REQUIREMENT: When you return the material, keep every line exactly as it is and omit the pictures.
DATA EXTRACT START
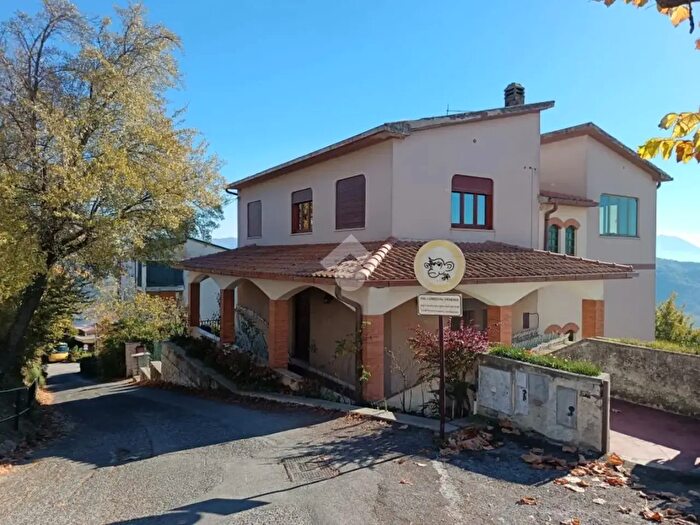 Casa con 6 locali in vendita in Piazza Vittorio Veneto, Montopoli Di Sabina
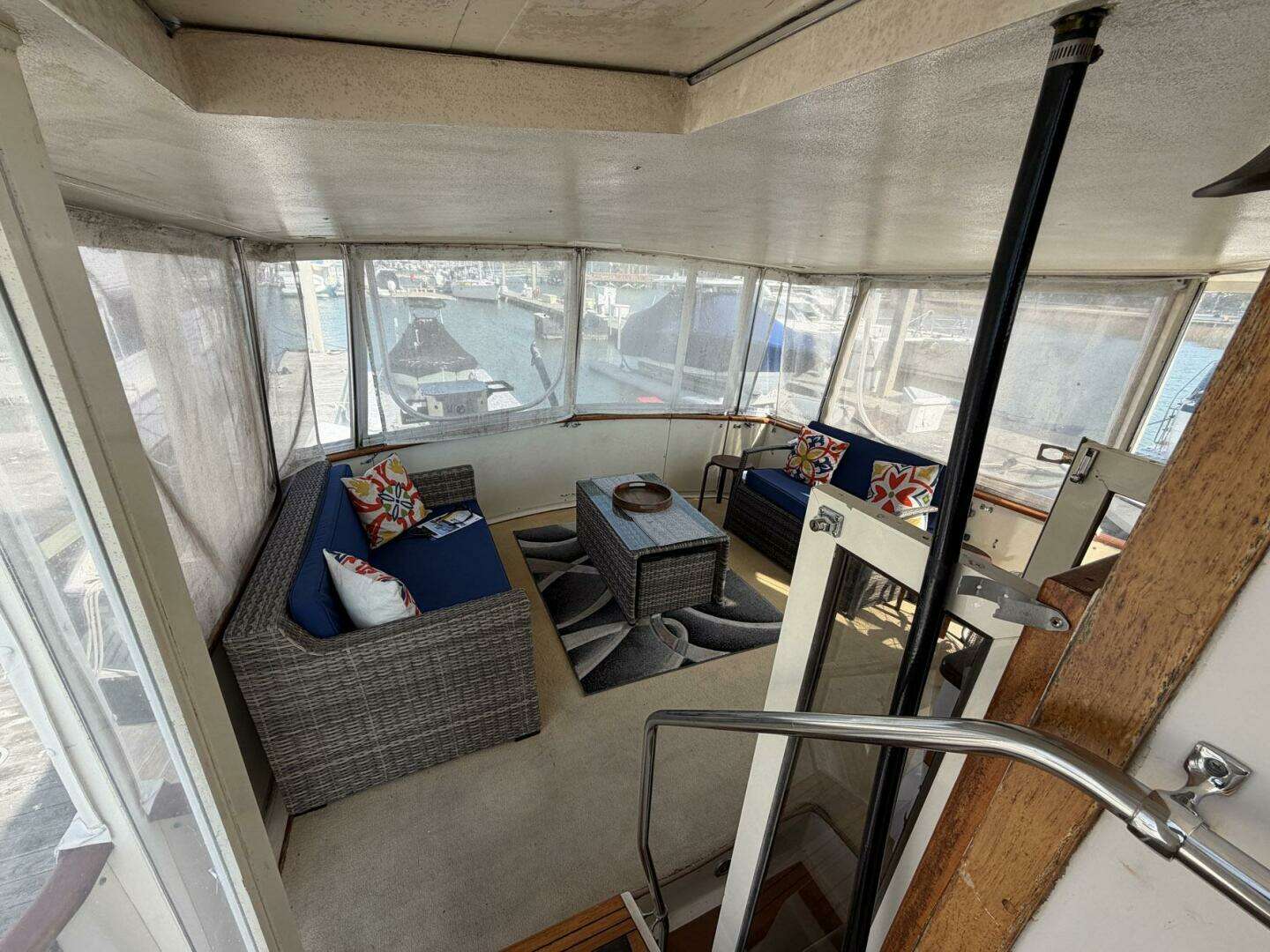 1987 Viking 44 Motor Yacht - Image 25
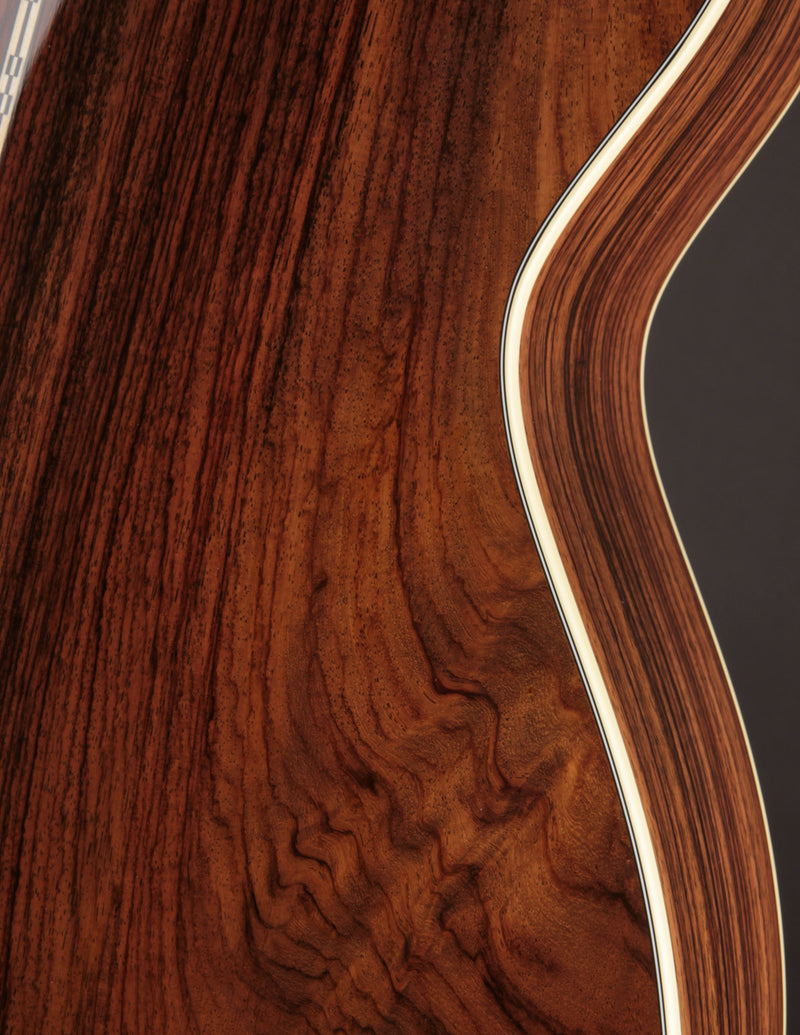 Martin Custom Shop 0000 28-Style Wild Grain Rosewood & European Spruce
DATA EXTRACT END
RESULT OF THIS TASK:
 Casa con 6 locali in vendita in Piazza Vittorio Veneto, Montopoli Di Sabina
 1987 Viking 44 Motor Yacht - Image 25
 Martin Custom Shop 0000 28-Style Wild Grain Rosewood & European Spruce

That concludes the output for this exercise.